IFoam position paper

rechtlicher schutz des begriffs "bio" bei textilien

In der Europäischen Union (EU) ist die Verwendung des Begriffs „Bio“ in Bezug auf Textilien nicht auf dieselbe Weise geschützt wie in der Lebensmittelindustrie.
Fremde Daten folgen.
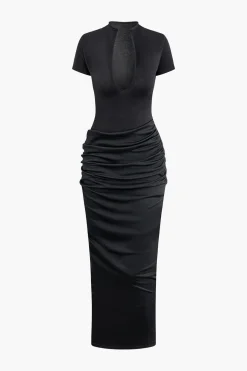 Deep V-neck Ruched Short Sleeve Maxi Dress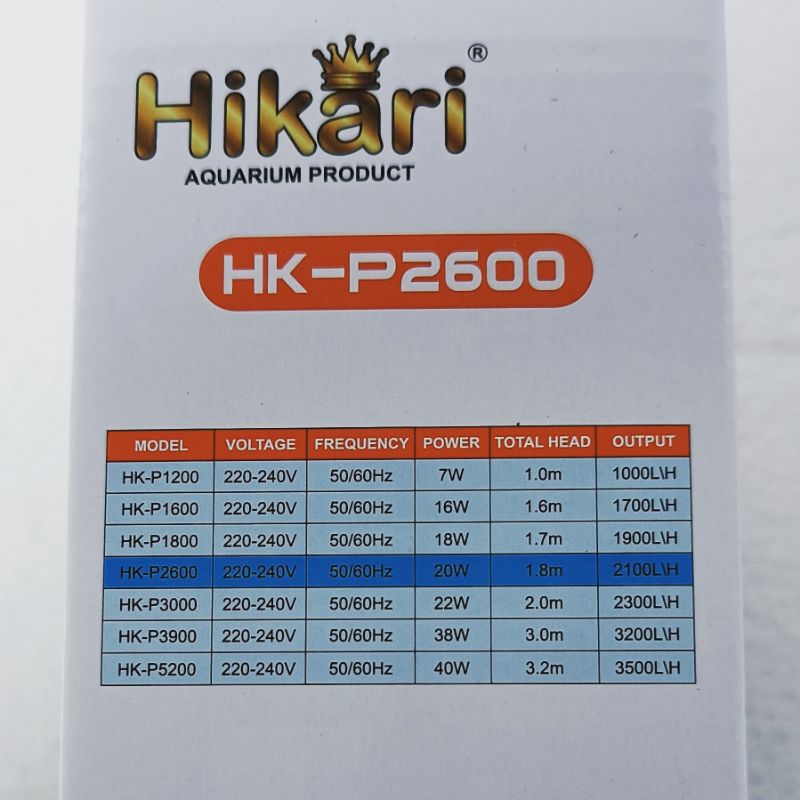 HIKARI HK-P 2600 Power heads ph 2000 Lph keatas mesin pompa celup kolam aquarium waterpump water pump submersible akuarium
Auch die Textilbranche sollte ein einheitliches „Bio“-Siegel bekommen, das die Verwendung des Begriffs „Bio“ im Idealfall über die gesamte Produktions- und Verarbeitungskette schützt.

Warum das so wichtig für die ArbeitnehmerInnen in der Faser- und Textilproduktion ist und was passiert, wenn wir diese Reform nicht durchsetzen, können Sie im Positionspaper der IFOAM Organics Europe nachlesen.

Bild: Organics Europe

die glaubwürdigkeit des bio-siegels schützen

Wegen der fehlenden Regulierung des Begriffs „Bio“ bei Textilien ist es notwendig, die Glaubwürdigkeit bei der Bezeichnung „Bio“ in diesem Sektor sicherzustellen und dass sich das Siegel idealerweise auf die gesamte Produktions- und Verarbeitungskette bezieht, so wie es bei zertifiziert ökologisch erzeugten Lebensmitteln der Fall ist. 

 

Es ist erlaubt, Textilerzeugnisse mit der Bezeichnung "Bio" auszuloben, ohne dass hierfür ein Nachweis für den ökologischen Ursprung und die ökologische Produktion erbracht werden muss. Bio-Fasern, die in ökologischen Anbaubetrieben erzeugt werden, müssen ökologische Anbaustandards/Verordnungen erfüllen und von unabhängigen Kontrollstellen zertifiziert werden. Die weitere textile Verarbeitung und der Handel werden jedoch nicht durch diese Bio-Verordnungen berücksichtigt. 

 

Damit Textilien und Bekleidung aus zertifizierten „Bio-Fasern“ glaubwürdig als „Bio-Textil“ gekennzeichnet werden können, greifen derzeit nur freiwillige Zertifizierungen nach einem angemessenen Verarbeitungsstandard wie z.B. gemäß dem Global Organic Textile Standard (GOTS).

 

IFOAM Organics Europe empfiehlt für die Kennzeichnung von Textilerzeugnissen als "Bio" folgendes:

Die Textilfasern sollten von Rohstoffen stammen, die in Bio-Anbaubetrieben nach weltweit anerkannten Standards des ökologischen Landbaus hergestellt wurden (wie der EU-Öko-Verordnung oder dem US National Organic Programme oder anderen Standards der IFOAM Organics International Family of Standards)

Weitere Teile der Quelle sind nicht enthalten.